A ello se suman sus críticas al poder centralizador y lejano de Bruselas y a una globalización que, en opinión de un número creciente no ya solo de franceses sino de europeos, beneficia antes que a nadie a las grandes empresas multinacionales.

Como analizaba muy acertadamente el semanario Le Nouvel Observateur, mientras que su padre era un liberal en lo económico, más liberal en cualquier caso que muchos de la derecha tradicional francesa, Marine Le Pen es una "antiliberal militante, una social-intervencionista en ruptura con el discurso de la derecha".

Esto es algo que descoloca a la vez a los dos partidos mayoritarios y la hace sintonizar con un electorado cada vez más intranquilo, más inseguro sobre el futuro inmediato y receptivo por tanto a cualquier mensaje demagógico que culpe sobre todo a los inmigrantes del deterioro del Estado de bienestar en lugar de denunciar a los auténticos responsables.

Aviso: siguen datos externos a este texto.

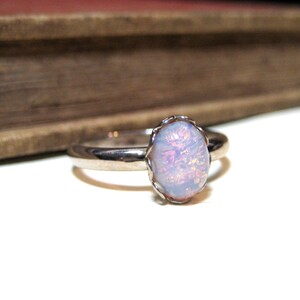 May include: A silver ring with a pale pink opal gemstone set in a delicate, scalloped bezel.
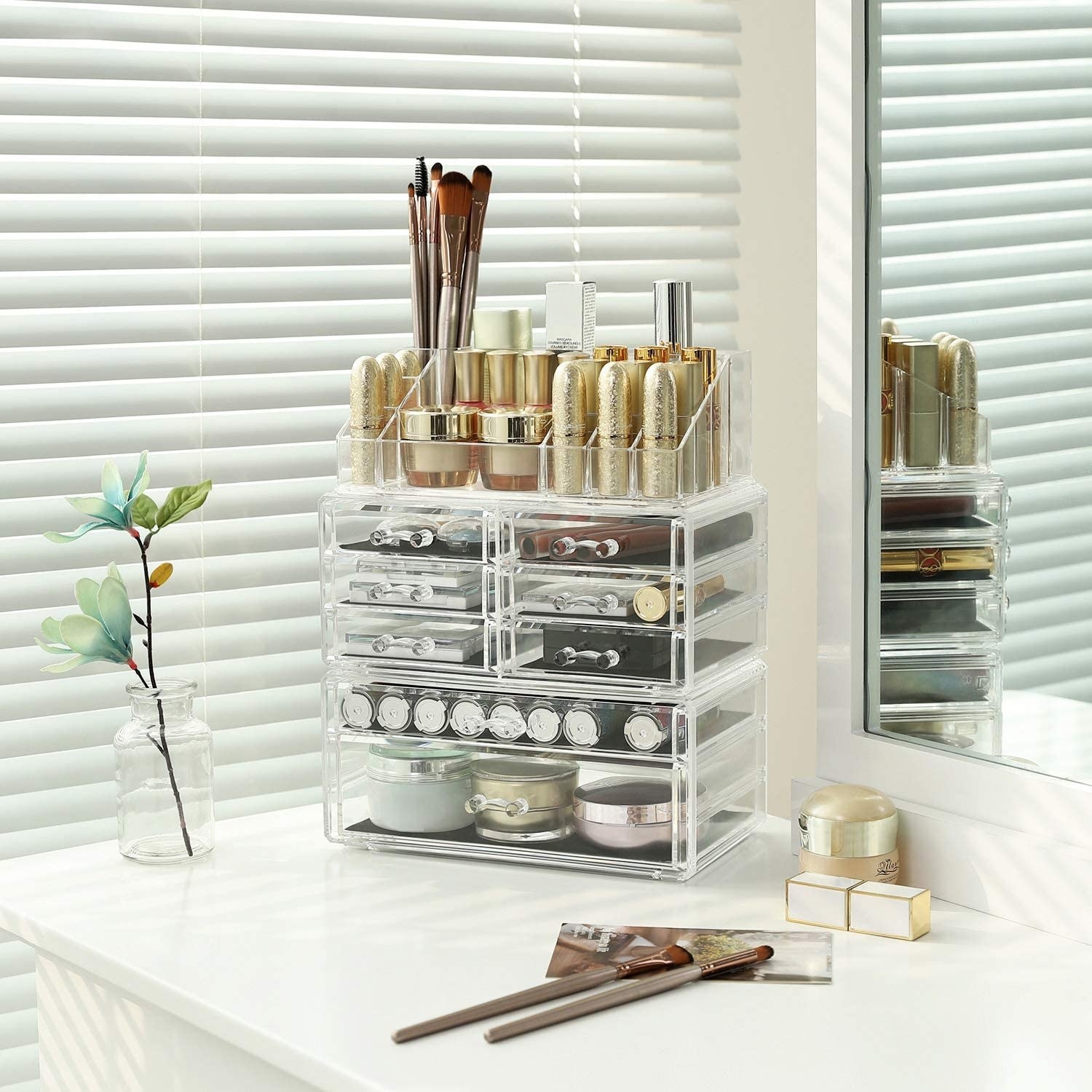 Several products inside the display on a vanity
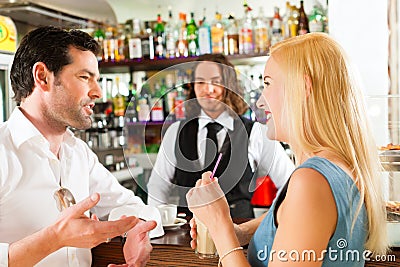 Attractive couple in cafe or coffeeshop Stock Photo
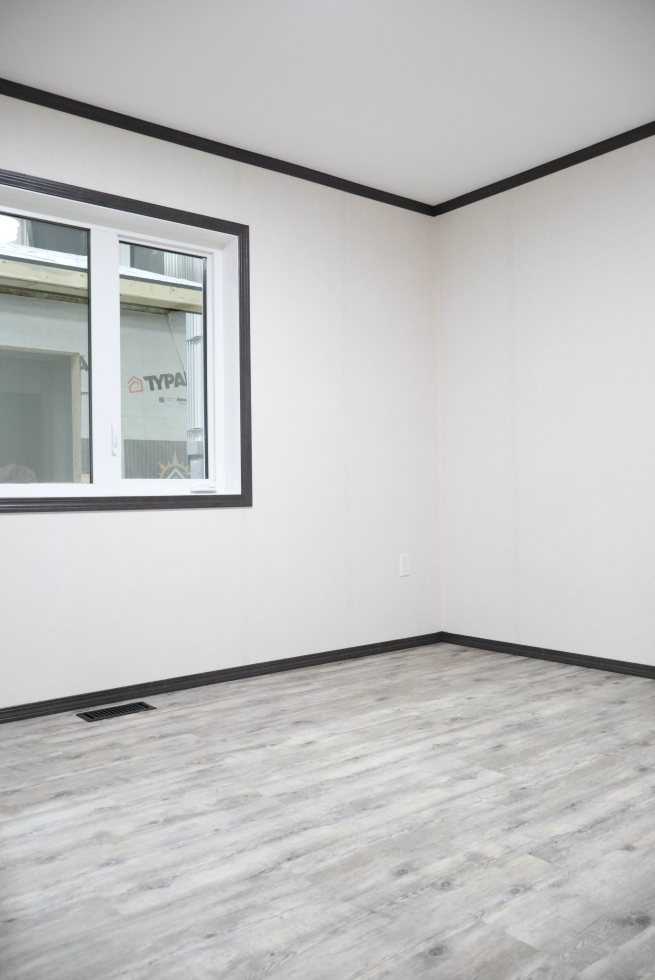 Bright bedroom inside The Cottage modular home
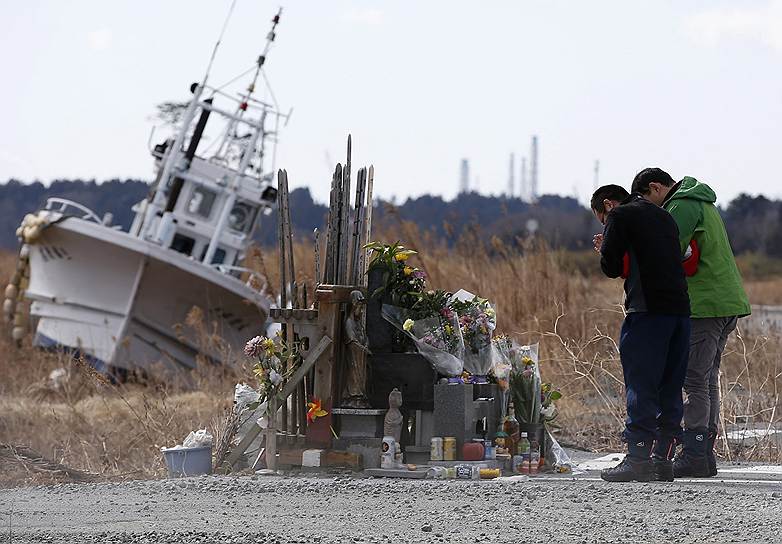 Молитва за жертв землетрясения и цунами в городе Нами. 11 марта Япония отмечает третью годовщину удара стихии, унесшего жизни тысяч людей и спровоцировавшего крупную аварию на АЭС «Фукусима» (на заднем плане)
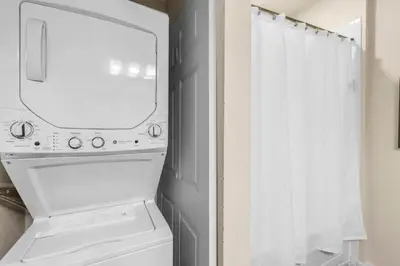 a bathroom with a mirror and a washer and dryer at Your Home near Disney 19106 in Kissimmee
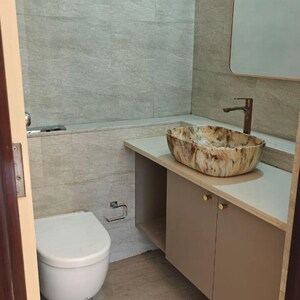 Bathroom in 4 BHK Apartment at Omkar 1973, Century Bazar – for Rent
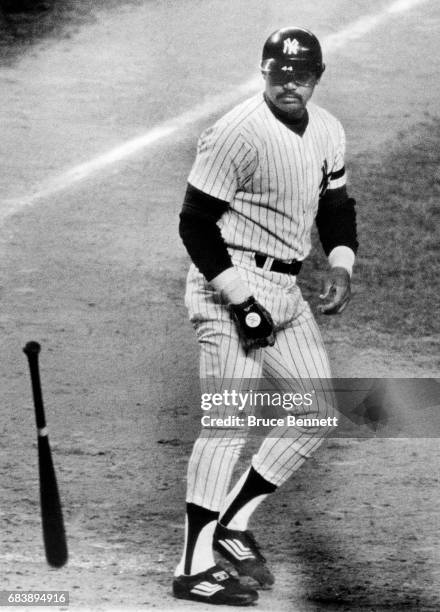 Reggie Jackson of the New York Yankees throws his bat after striking out during Game 3 of the 1980 American League Championship Series against the...
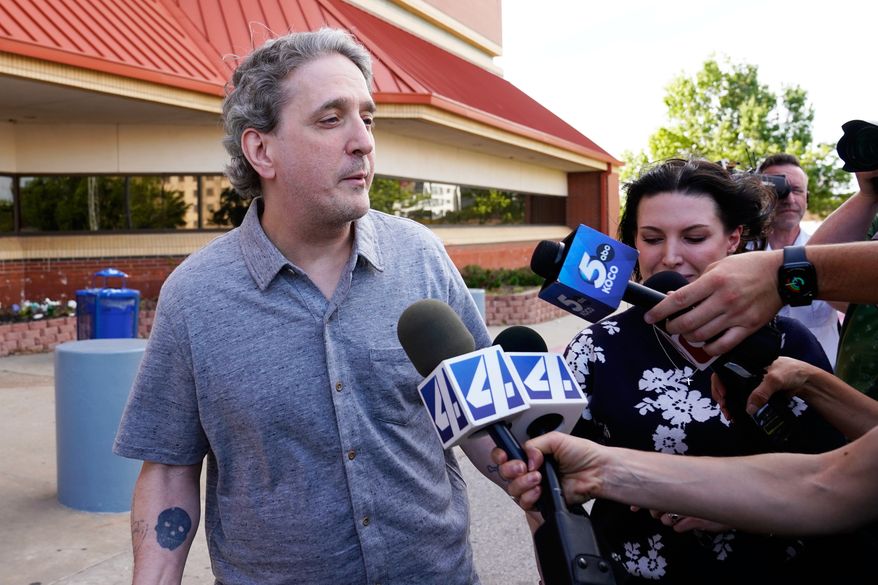 FILE - Former death row prisoner Richard Glossip, left, speaks to media after exiting a detention facility after being granted bond while awaiting retrial, May 14, 2026, in Oklahoma City. (AP Photo/Nick Oxford, File)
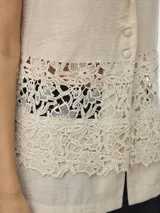 Top sin mangas color beige con cuello en V y detalle de encaje en la parte inferior.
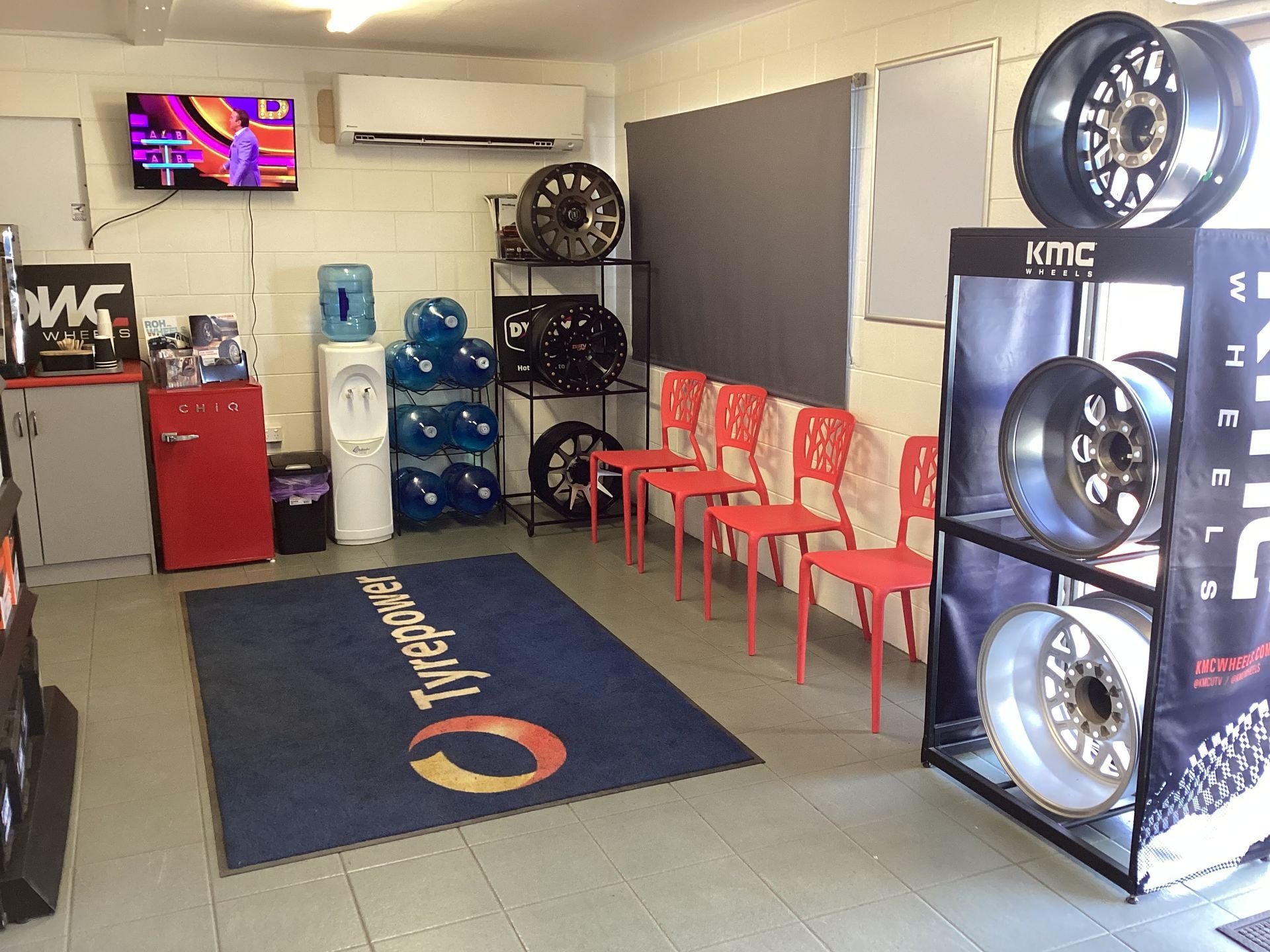 A Man Is Standing Next To A Truck Holding A Clipboard — Tyrepower Innisfail In Goondi Bend, QLD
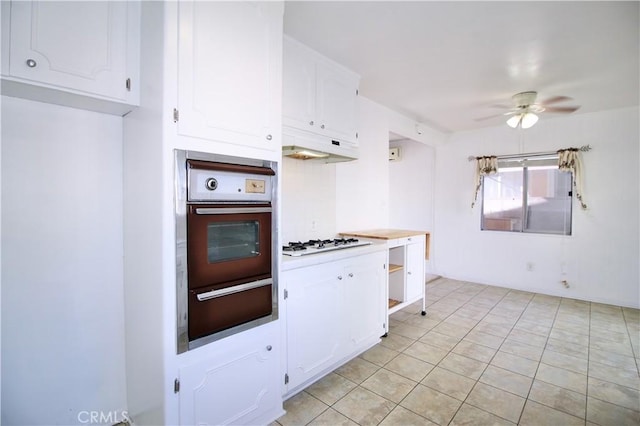 kitchen featuring oven, white cabinetry, white gas stovetop, under cabinet range hood, and a warming drawer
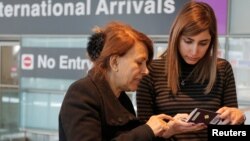 FILE - Negar Jourabchian looks at her mother Niloufar's passport after she traveled to the U.S. from Iran following a federal court's temporary stay of President Donald Trump's travel ban, at Logan Airport in Boston, February 6, 2017.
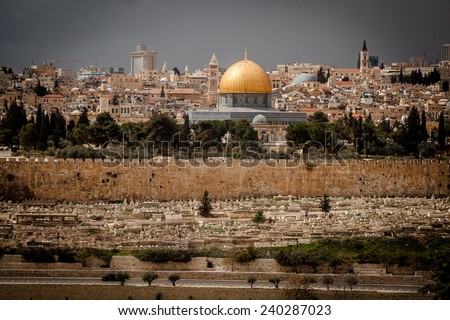 golden Dome of the Rock and church steeples on the skyline of the Old City of Jerusalem.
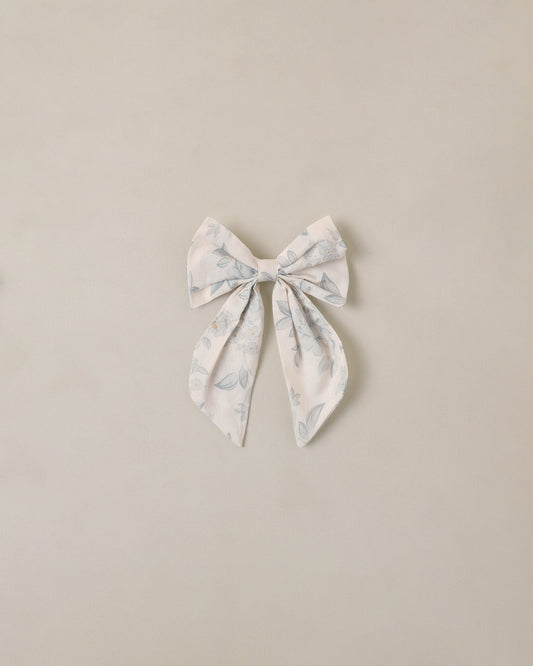 Everly Bow Mist in English Rose by Noralee, featuring a soft ivory bow and elegant floral design.
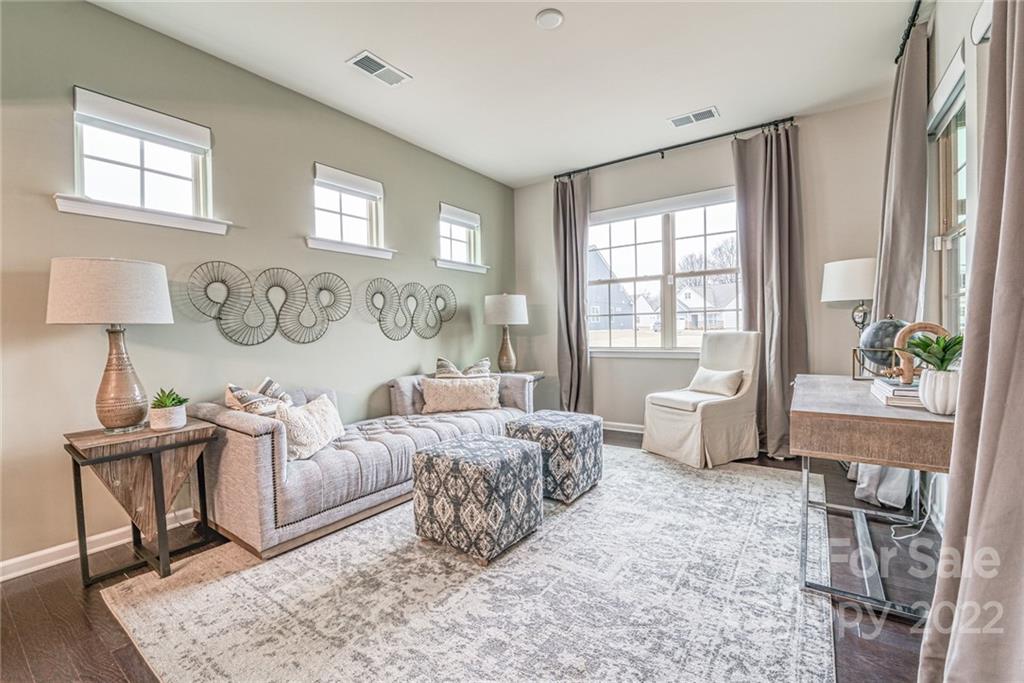 3196 Windhaven Lane, Unit 112 Tega Cay, SC 29708 - Photo 14 of 26 a living room with furniture and a window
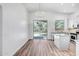 Dining room with access to backyard and a view of the updated kitchen at 5125 E Juana Ct, Cave Creek, AZ 85331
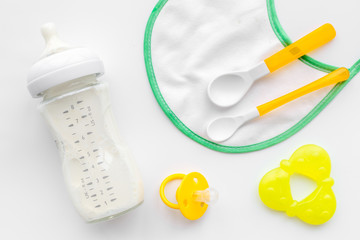 preparation of mixture baby feeding with infant formula powdered milk in bottle with bib on white background top view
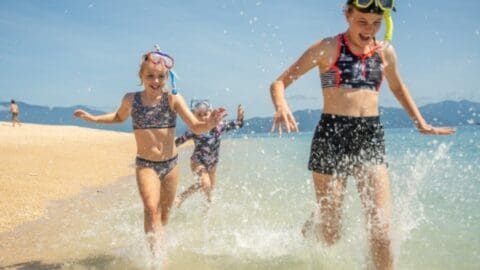 Three children in swimsuits and snorkeling gear play and splash in the shallow water at a sandy beach with a backdrop of mountains, enjoying their time near an ecotourism accommodation.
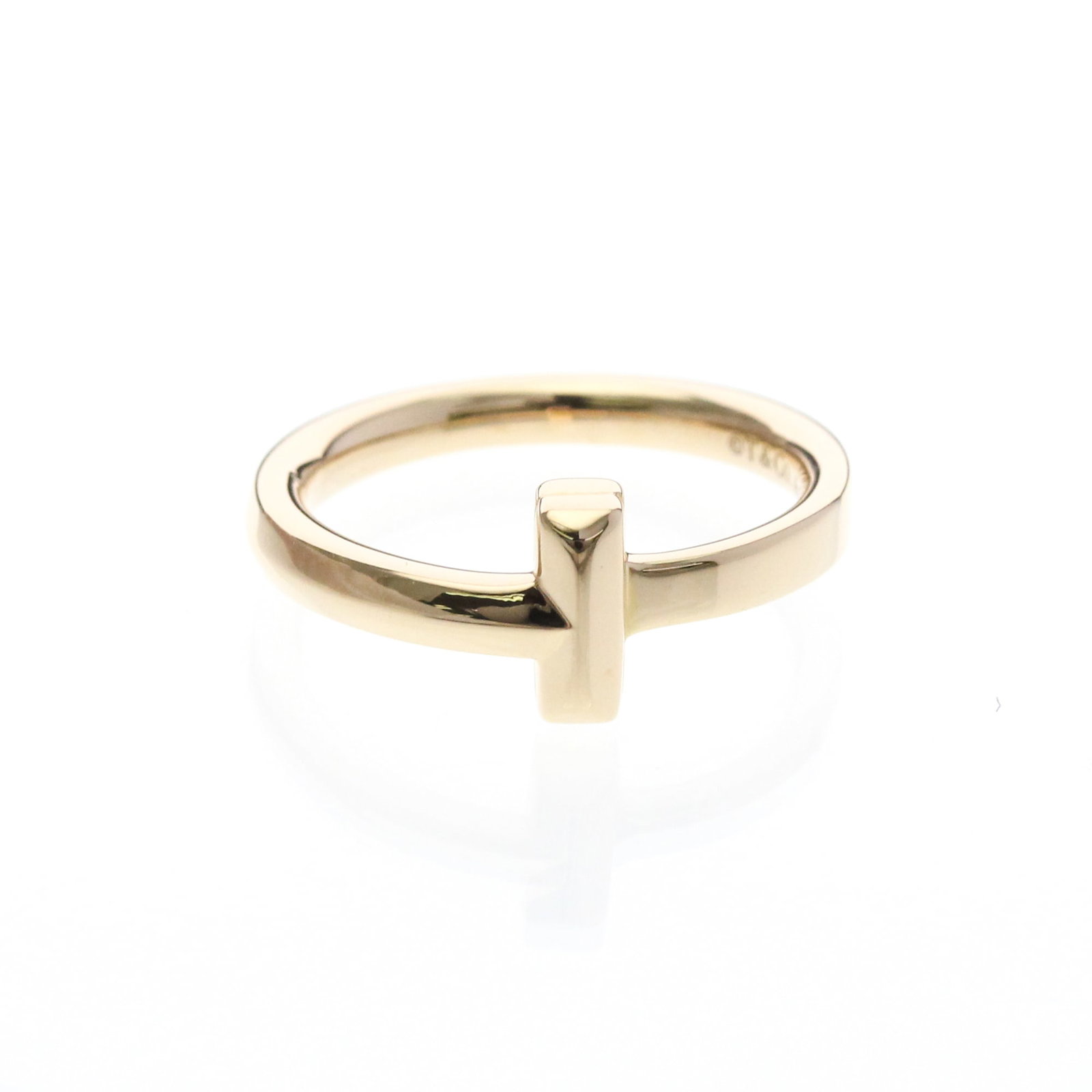 Tiffany Band Ring Pink Gold (18K): Tiffany Band Ring Pink Gold (18K) Pink gold (18K) band ring with a sleek, narrow design. This Tiffany model features a stylish fashion ring in pink gold, measuring 3.5 US size and 2.5mm wide. Weighing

Ya no resulta tan fácil asustar a ese electorado con el "¡Que viene Le Pen!", como ocurrió cuando el fundador del partido se impuso al candidato socialista, Lionel Jospin, en la primera ronda de las elecciones de 2002 y pudo disputar así la presidencia al conservador Jacques Chirac.

Entonces, toda la izquierda, con excepción de Lucha Obrera, llamó a apoyar, como el menor de los males, al candidato de la derecha para impedir como fuera el triunfo del Frente Nacional. Hoy, el partido de Marine Le Pen no parece dar a muchos el mismo miedo que entonces y se ha vuelto incluso perfectamente presentable en sociedad.

Los partidos mayoritarios han dejado a Le Pen explotar el descontento de un sector creciente de la ciudadanía francesa con el funcionamiento de la Europa actual, apropiarse de sus críticas a la moneda común y a sus efectos supuestamente letales sobre la economía nacional.

El discurso anti-inmigración del Frente Nacional no solo no ha recibido la oportuna respuesta de los otros partidos, sino que ha llevado a conservadores y socialdemócratas a modificar los suyos en el mismo sentido cuando es notorio que la gente suele preferir lo auténtico a las malas imitaciones.

Si el Frente Nacional continúa su avance con su discurso nacional-populista, no es pues tanto por méritos propios cuanto por los errores de los partidos mayoritarios, por la evidente descomposición del campo político francés.

Una socialdemocracia que no es ya ni la sombra de sí misma, incapaz de ofrecer nada que la distinga claramente de los conservadores, y una derecha a su vez dividida y sin un líder claro, explican el espectacular alejamiento de los electores de las urnas y no auguran nada bueno para el futuro.